There are some subjects that are difficult to talk about. Depression and suicide are definitely two of those subjects. However, if this editorial can help just one person, we feel it is worth mentioning.

Everyone goes through highs and lows in their life. That's just what life is about. Things are not always going to be good. But, on the flip side, things are not always going to be bad.

Sometimes it's hard to think straight when we feel bad. We look around and see happy people and wonder why we can't be happy, as well. We begin to feel like maybe something is wrong with us or that maybe we don't deserve happiness for some reason. We try to find ways to make ourselves happy, often turning to things like drugs or alcohol to pacify our pain.

If you're reading this and have had symptoms of depression or if you know someone who may be depressed – keep reading, please.

According to Ted Debbs, executive director of ACCESS, which serves Cherokee and Anderson counties, one key situation to be aware of is when someone who has been really depressed is suddenly cheerful, although their life situation hasn't changed.

Debbs said this could mean the person has decided on how they can stop hurting, and that weight has been lifted off of them suddenly. They may be considering suicide.

“People are scared to confront someone (who seems depressed or suicidal), and they often beat around the bush, but they need to hear it. It may be the push that person needs to get help,” Debbs said.

He added that many who are depressed during the holidays make it through the holidays unscathed.
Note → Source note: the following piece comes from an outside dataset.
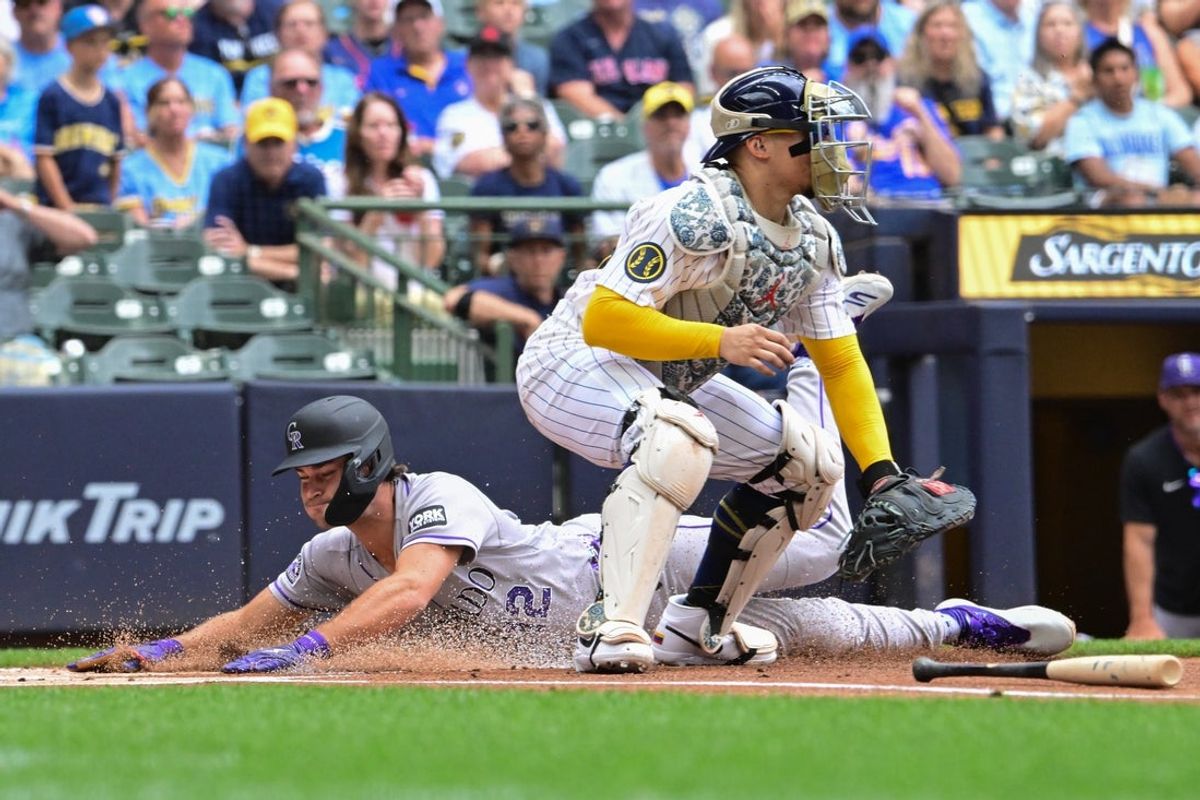 Jul 24, 2026; Milwaukee, Wisconsin, USA;  Colorado Rockies third baseman Kyle Karros (12) scores a run in the first inning before tag by Milwaukee Brewers catcher William Contreras (24) at American Family Field. Mandatory Credit: Benny Sieu-Imagn Images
But if you or someone you know has suffered the recent death of a loved one or is depressed but with a high energy level, they should be approached about the serious topic of suicide.

Why does depression seem to escalate during the holiday season?

Debbs said sometimes people are held to the standard of feeling joyous during the holidays, and if they don't really feel that way inside, it can become very stressful.

However, there is ALWAYS hope, he said.

As much as you or your loved one feels like there is no way out of a bad situation ... there is always a way. That way does not involve suicide, but in reaching out to people who care.

Maybe you or your loved one think nobody cares. We are here to tell you that SOMEBODY always cares. Your family cares. Your friends care. Your co-workers care. Your pastor and church family cares. Your neighbor cares. Somebody, somewhere cares about you.

And whether you are religious or not, God cares. He sent his Son to die on the cross for each and every one of us. He gave you life. He cares how your life is going. He is there, even if you are ignoring him.

“Have not I commanded thee? Be strong and of a good courage; be not afraid, neither be thou dismayed: for the LORD thy God is with thee whithersoever thou goest.” – Joshua 1:9 (King James Bible).

We are not necessarily trying to preach to you. We are trying to help. We are trying to show you that there is hope. If you are depressed, find someone to talk to about it.

If you don't think your friends or family would understand or sympathize, call the Crisis Hotline for Cherokee and Anderson counties at (800) 621-1693. There is someone available 24/7 to help you at this number. Or you or your loved one may call the ACCESS office during the normal business hours at (903) 589-9000.

Debbs said he and his staff will be there to help. Meanwhile, if it is an emergency and suicide is possibly eminent, call 911 so that your local law enforcement officials can quickly help you get the assistance you need. Or go to the nearest hospital ER and ask for help.

There are many, many people who are willing to help you get through a difficult time. Please, talk to someone if you are experiencing depression and feel that you may cause harm to yourself or others.

If you know of anyone who may be experiencing symptoms of depression, please try to connect with them and help them find some hope.